This page provides important information on how to use and interpret the Plan Visualization using Google Earth. Please read through this before continuing on to the visualization. The projects shown in this visualization reflect the 2034 Long Range Transportation Plan (LRTP) candidate projects. Check back later for the updated visualization of prioritized projects included in the 2034 LRTP.
Google Earth is a free-of-charge downloadable virtual Earth program. It constructs this virtual Earth by dynamically piecing together a series of aerial and satellite photographs. Google Earth allows users to zoom in and out, and pan across the Earth's surface. It also allows information providers of all kinds to publish geo-spatial information that overlays with the virtual Earth background of aerial and satellite photographs.
Google Earth is NOT real-time. The photography presented by Google Earth is static. Depending on what part of the Earth you are viewing, the aerial photography may be several years old.

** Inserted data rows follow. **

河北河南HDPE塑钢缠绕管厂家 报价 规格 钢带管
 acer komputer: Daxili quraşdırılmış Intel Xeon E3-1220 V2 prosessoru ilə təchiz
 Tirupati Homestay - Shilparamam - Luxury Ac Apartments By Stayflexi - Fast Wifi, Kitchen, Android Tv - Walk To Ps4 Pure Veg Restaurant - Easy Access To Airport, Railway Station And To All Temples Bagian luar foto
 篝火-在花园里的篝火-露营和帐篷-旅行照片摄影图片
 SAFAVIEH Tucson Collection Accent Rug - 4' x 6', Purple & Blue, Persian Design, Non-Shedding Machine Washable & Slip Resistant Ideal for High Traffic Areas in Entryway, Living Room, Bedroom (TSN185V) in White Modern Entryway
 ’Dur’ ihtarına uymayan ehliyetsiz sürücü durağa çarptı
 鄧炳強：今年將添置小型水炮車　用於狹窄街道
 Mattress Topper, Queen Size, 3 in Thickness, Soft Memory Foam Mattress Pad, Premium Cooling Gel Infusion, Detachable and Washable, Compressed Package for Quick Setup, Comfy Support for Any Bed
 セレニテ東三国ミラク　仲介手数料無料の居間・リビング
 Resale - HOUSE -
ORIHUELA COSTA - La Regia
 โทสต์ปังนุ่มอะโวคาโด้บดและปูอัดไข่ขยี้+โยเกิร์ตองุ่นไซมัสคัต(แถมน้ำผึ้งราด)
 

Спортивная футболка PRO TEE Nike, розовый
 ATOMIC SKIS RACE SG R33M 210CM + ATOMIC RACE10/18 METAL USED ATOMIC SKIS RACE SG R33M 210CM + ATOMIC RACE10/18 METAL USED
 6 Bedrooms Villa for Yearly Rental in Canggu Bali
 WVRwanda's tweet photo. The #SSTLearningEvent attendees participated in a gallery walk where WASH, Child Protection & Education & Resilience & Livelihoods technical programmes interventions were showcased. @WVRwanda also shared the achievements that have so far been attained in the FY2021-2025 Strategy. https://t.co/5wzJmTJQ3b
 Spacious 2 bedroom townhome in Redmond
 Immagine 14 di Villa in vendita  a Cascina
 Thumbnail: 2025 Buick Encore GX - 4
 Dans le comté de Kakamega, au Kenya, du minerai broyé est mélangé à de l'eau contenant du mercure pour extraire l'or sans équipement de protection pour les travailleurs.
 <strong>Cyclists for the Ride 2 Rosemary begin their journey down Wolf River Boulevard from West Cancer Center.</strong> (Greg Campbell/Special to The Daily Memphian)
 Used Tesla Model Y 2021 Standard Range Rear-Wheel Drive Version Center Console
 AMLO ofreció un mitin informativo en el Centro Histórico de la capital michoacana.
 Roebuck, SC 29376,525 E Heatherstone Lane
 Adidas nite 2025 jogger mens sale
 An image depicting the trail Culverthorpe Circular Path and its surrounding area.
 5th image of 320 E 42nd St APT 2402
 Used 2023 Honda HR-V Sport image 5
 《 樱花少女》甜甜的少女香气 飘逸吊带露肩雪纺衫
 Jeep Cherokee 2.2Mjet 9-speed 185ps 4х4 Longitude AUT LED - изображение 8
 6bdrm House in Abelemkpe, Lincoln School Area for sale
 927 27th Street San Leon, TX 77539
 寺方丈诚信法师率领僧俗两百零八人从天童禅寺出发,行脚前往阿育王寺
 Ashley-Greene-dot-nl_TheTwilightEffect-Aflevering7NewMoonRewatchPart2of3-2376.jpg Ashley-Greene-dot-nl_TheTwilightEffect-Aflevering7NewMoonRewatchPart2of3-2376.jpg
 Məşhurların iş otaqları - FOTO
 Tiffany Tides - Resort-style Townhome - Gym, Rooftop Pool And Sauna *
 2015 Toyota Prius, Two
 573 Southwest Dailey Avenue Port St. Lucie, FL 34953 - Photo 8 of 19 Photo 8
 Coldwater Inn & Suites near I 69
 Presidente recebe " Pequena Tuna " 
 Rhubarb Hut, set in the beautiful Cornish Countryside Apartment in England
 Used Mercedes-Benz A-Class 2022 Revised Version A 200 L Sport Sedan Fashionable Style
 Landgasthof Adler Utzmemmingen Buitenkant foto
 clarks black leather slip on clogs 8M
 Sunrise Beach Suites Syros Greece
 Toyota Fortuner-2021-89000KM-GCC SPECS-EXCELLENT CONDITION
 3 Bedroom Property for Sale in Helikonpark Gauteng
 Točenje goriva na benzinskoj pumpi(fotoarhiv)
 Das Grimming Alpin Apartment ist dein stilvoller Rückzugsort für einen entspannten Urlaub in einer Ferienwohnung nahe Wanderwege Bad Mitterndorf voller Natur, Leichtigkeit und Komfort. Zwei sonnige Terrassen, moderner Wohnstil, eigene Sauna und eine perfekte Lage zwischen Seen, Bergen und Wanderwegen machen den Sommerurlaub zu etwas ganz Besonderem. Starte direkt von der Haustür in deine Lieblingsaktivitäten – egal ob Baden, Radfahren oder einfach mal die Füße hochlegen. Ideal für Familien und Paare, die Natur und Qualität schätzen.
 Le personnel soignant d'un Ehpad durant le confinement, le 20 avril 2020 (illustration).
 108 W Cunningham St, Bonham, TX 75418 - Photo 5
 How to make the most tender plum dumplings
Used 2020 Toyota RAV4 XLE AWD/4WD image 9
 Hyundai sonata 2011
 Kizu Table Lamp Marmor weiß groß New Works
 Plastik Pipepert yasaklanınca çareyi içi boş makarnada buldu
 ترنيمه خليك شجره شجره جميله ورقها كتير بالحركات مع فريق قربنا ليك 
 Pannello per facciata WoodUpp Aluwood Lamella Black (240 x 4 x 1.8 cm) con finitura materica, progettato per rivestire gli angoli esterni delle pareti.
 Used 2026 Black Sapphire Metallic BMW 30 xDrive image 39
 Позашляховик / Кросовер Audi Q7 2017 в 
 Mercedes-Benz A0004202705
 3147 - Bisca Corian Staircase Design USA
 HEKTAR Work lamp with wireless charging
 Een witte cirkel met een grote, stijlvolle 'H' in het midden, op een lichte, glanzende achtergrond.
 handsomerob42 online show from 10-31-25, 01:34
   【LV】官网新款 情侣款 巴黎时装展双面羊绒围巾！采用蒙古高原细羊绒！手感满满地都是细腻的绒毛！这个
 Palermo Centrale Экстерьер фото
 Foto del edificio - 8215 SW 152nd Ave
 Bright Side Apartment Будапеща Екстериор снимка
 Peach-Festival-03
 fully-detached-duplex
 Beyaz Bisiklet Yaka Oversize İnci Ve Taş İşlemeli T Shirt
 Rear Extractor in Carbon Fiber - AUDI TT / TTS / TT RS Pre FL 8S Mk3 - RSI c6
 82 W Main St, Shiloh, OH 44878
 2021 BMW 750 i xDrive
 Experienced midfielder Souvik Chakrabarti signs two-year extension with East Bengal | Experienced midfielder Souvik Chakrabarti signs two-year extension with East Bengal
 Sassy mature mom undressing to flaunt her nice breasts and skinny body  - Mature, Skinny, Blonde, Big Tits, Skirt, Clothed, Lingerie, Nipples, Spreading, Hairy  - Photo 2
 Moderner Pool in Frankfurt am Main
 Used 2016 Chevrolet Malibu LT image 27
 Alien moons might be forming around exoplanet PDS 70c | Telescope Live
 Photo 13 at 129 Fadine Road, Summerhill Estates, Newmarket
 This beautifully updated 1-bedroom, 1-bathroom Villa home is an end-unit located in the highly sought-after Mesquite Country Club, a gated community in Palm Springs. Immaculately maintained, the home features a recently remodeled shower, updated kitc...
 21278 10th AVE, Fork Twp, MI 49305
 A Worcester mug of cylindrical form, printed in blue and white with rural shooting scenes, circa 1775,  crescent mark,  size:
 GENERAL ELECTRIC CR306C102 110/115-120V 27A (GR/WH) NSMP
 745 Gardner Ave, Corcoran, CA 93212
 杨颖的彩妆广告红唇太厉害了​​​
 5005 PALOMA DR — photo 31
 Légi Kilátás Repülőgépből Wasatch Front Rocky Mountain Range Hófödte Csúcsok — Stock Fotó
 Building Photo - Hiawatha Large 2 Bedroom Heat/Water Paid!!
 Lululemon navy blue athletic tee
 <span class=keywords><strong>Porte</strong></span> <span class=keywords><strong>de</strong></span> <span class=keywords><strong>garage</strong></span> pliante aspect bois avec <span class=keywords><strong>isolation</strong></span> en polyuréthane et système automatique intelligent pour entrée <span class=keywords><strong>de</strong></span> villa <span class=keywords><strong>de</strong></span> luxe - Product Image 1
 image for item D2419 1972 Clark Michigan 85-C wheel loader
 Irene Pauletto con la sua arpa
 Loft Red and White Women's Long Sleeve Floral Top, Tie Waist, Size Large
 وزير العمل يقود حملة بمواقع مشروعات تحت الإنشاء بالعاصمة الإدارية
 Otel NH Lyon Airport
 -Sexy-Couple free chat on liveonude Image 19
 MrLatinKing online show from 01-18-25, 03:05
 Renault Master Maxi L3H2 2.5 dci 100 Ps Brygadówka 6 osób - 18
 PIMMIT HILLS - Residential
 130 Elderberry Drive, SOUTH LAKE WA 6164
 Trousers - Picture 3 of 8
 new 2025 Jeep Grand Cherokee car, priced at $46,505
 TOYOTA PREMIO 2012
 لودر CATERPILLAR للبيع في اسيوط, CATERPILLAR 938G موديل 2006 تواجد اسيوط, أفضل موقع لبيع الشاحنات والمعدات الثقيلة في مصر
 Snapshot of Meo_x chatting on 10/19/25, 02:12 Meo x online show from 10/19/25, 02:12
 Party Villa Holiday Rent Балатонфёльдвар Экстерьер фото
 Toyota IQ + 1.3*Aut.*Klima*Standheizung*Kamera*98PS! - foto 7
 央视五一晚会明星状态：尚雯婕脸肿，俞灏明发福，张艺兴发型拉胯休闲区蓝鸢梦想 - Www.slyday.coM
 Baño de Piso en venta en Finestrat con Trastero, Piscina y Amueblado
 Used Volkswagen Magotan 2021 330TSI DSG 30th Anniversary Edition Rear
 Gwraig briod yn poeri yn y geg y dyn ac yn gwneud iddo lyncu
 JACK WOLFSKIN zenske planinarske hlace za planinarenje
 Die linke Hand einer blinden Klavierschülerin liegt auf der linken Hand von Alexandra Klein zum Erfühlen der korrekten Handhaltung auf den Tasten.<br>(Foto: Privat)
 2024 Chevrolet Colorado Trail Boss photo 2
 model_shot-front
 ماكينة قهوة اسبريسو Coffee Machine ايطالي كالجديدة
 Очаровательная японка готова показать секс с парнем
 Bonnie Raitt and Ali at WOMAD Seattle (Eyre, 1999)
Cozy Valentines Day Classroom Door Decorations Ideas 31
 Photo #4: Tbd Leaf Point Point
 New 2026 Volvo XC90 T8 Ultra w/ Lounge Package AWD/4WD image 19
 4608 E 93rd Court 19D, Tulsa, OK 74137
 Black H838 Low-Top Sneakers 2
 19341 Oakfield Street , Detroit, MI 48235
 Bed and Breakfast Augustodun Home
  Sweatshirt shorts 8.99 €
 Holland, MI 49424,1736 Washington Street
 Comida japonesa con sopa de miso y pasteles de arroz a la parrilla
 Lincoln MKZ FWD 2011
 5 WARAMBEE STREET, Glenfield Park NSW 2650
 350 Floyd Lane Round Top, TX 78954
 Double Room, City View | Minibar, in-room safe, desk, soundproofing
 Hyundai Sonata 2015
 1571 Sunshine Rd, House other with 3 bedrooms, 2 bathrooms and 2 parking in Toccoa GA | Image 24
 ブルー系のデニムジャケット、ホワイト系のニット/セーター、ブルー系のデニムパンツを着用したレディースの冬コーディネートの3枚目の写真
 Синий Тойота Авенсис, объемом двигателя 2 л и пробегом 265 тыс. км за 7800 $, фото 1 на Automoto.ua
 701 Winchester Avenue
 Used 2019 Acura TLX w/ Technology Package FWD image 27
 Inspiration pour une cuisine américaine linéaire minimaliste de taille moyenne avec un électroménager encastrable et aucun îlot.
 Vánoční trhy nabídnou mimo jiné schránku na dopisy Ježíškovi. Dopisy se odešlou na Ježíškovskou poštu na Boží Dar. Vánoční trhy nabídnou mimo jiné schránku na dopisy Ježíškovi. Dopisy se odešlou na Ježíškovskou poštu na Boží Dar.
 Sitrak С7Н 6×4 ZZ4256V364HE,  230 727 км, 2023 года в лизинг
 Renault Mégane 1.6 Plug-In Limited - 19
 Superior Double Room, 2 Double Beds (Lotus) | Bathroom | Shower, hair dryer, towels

For more information about Google Earth, please read their Frequently Asked Questions (FAQ)
Why Google Earth?
SAFETEA-LU specifies that MPOs such as the HRTPO must use enhanced visualization techniques in their planning and outreach efforts. HRTPO staff has recommended using Google Earth as one tool in its efforts towards better visualization of the Plan as well as other planning activities.
How to get Google Earth
Google Earth is embedded in our website for a web-based user experience, as well as a file download format for desktop based user experience. Click HERE for the website based user experience. For the desktop based user experience, the user will need to download Google Earth, which can be downloaded free-of-charge from the Google Earth website. It is available for PC, Mac and Linux. After downloading Google Earth, click HERE for the KMZ file or HERE for the KML file.
The basics of Google Earth
The Google Earth Product Tour provides a good introduction to using Google Earth.
One Google Earth feature that is not described in the tour is how to use a scroll-wheel mouse with Google Earth. When using Google Earth with a scroll-wheel mouse, one can use the scroll-wheel to easily zoom in and out of the Earth.